→ **What you have to do**
Nothing but the lines from the one that contains "Adonis 01 84" to the end of the records should be printed, both ends included, exactly as given.
★ ★ ★ ★ ★
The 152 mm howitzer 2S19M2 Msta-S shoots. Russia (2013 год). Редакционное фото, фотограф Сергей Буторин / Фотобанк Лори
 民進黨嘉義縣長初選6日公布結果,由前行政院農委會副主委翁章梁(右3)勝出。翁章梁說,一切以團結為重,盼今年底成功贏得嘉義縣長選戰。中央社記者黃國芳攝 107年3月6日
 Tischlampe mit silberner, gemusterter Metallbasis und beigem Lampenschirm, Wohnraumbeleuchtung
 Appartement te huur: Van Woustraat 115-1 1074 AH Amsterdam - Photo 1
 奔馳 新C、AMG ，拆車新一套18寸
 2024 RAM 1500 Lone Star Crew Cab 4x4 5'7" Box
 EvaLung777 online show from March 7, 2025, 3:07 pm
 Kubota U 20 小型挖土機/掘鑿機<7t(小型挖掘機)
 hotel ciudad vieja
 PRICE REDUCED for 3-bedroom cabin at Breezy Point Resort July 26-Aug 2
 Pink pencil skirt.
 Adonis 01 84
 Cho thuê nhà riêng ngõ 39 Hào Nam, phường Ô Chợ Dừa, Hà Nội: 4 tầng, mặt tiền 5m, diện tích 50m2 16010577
★ ★ ★ ★ ★
→ **Expected output**
 Adonis 01 84
 Cho thuê nhà riêng ngõ 39 Hào Nam, phường Ô Chợ Dừa, Hà Nội: 4 tầng, mặt tiền 5m, diện tích 50m2 16010577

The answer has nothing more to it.